### Goal of the exercise
Word for word, copy the line containing "Hollister size 9 - Picture 3 of 5" and every line after it in the records below, leaving pictures out.

** Data for this exercise follows **

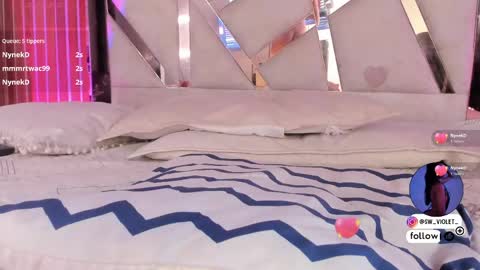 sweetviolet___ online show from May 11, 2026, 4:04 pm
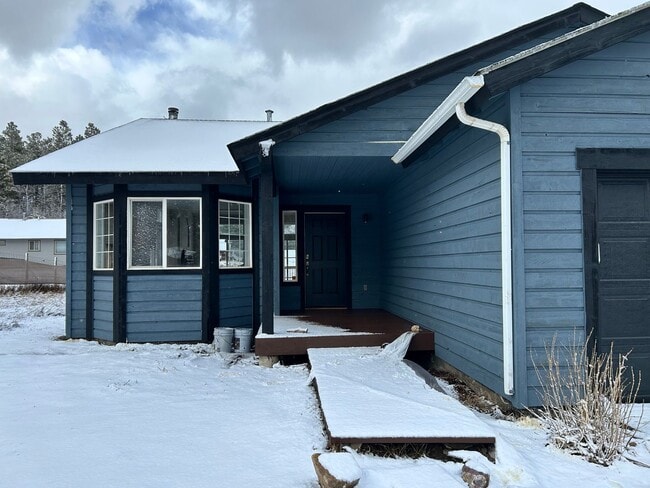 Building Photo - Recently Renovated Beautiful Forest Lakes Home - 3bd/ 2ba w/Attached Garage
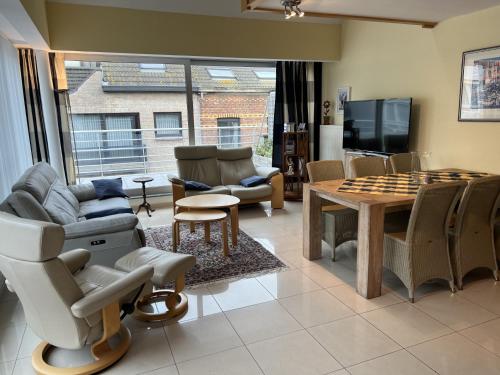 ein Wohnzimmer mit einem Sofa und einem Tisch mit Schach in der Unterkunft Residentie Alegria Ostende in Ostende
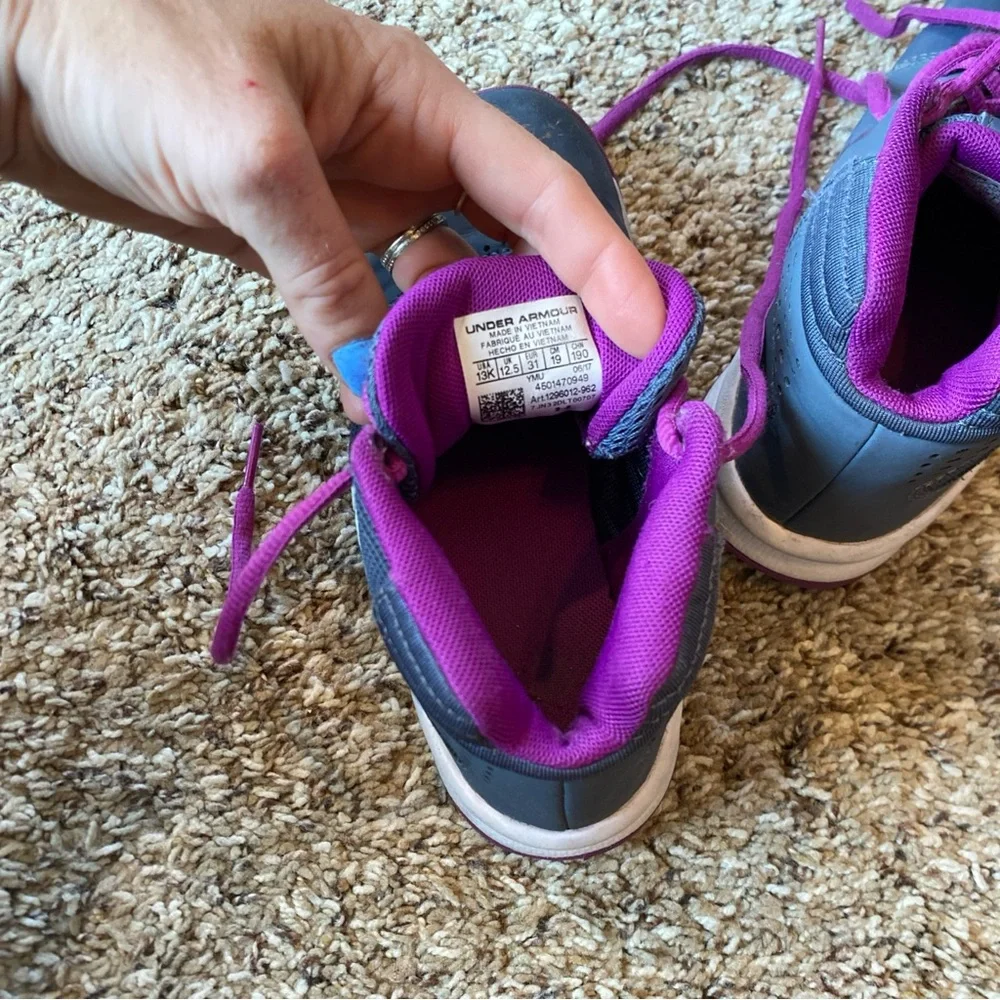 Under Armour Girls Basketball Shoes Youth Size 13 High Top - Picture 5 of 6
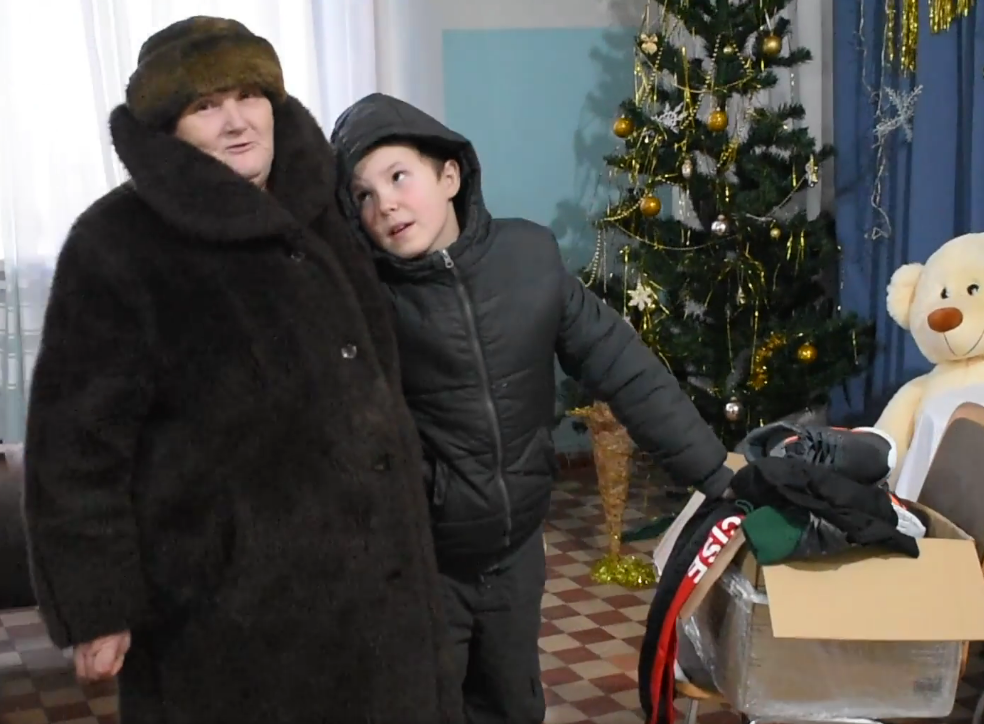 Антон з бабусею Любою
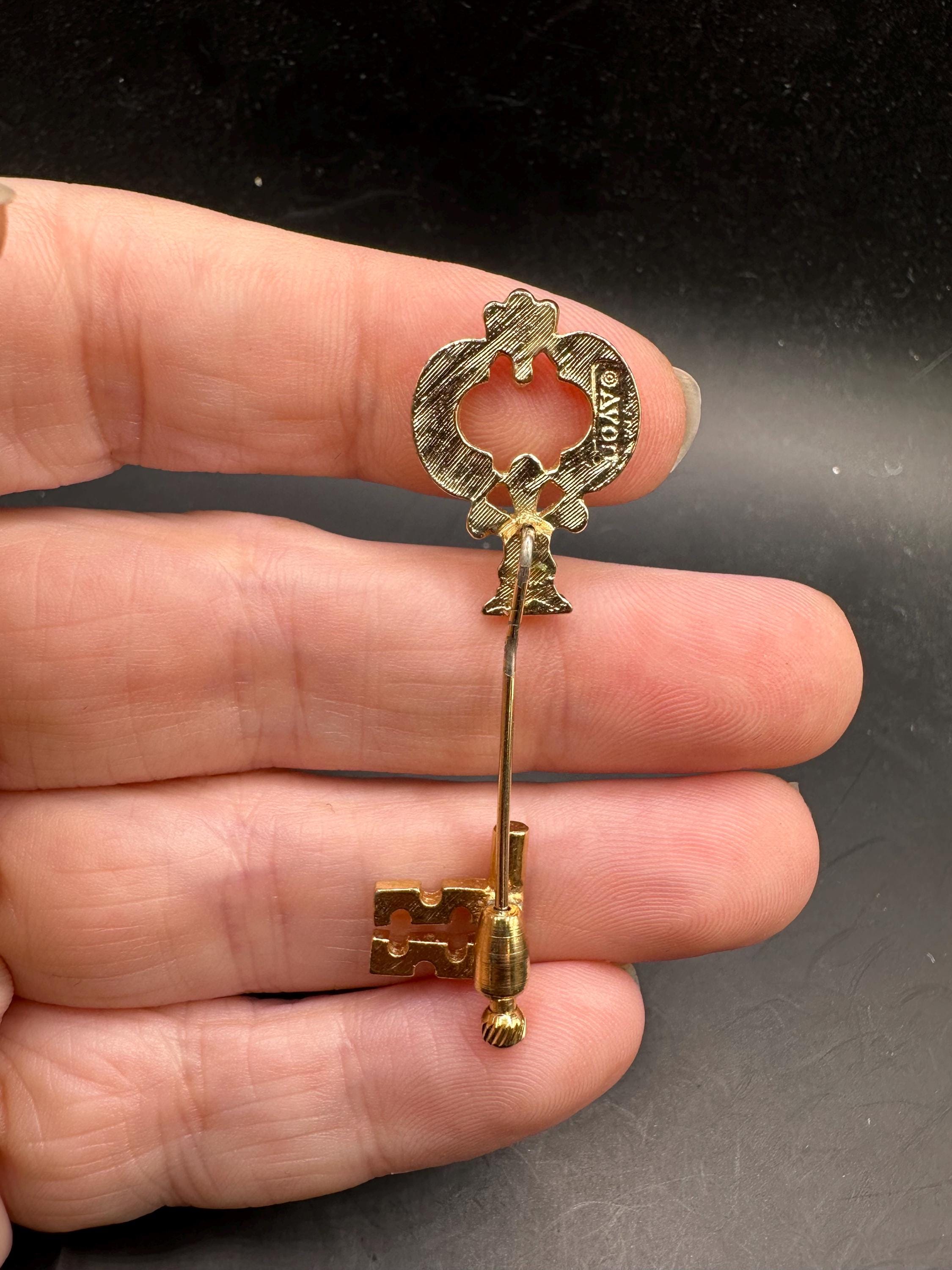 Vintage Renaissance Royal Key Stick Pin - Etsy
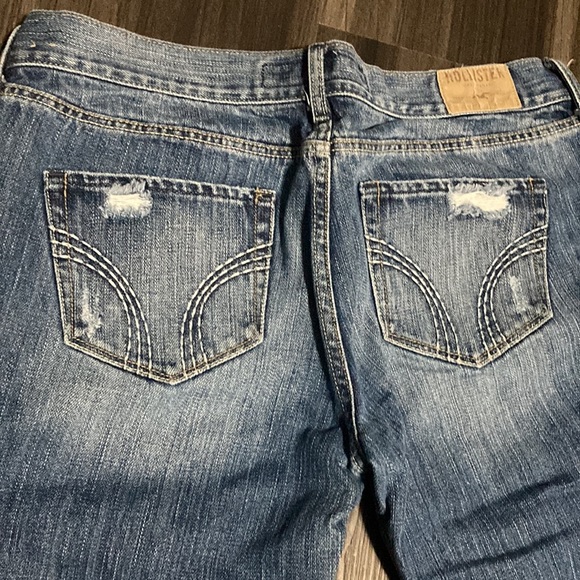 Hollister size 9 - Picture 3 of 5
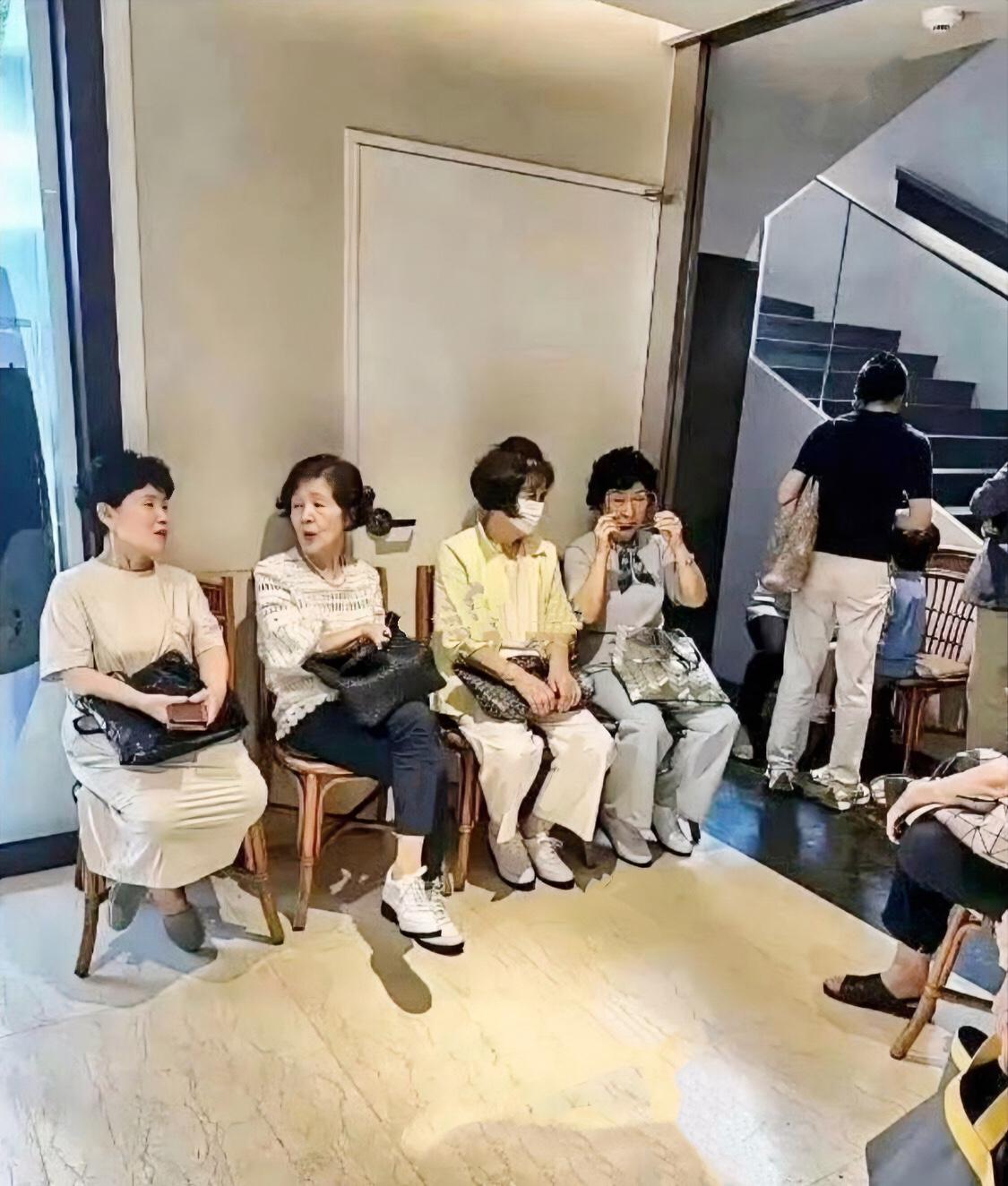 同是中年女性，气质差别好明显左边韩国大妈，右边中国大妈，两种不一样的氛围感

** End of Data for this exercise **

### Task result
 Hollister size 9 - Picture 3 of 5
 同是中年女性，气质差别好明显左边韩国大妈，右边中国大妈，两种不一样的氛围感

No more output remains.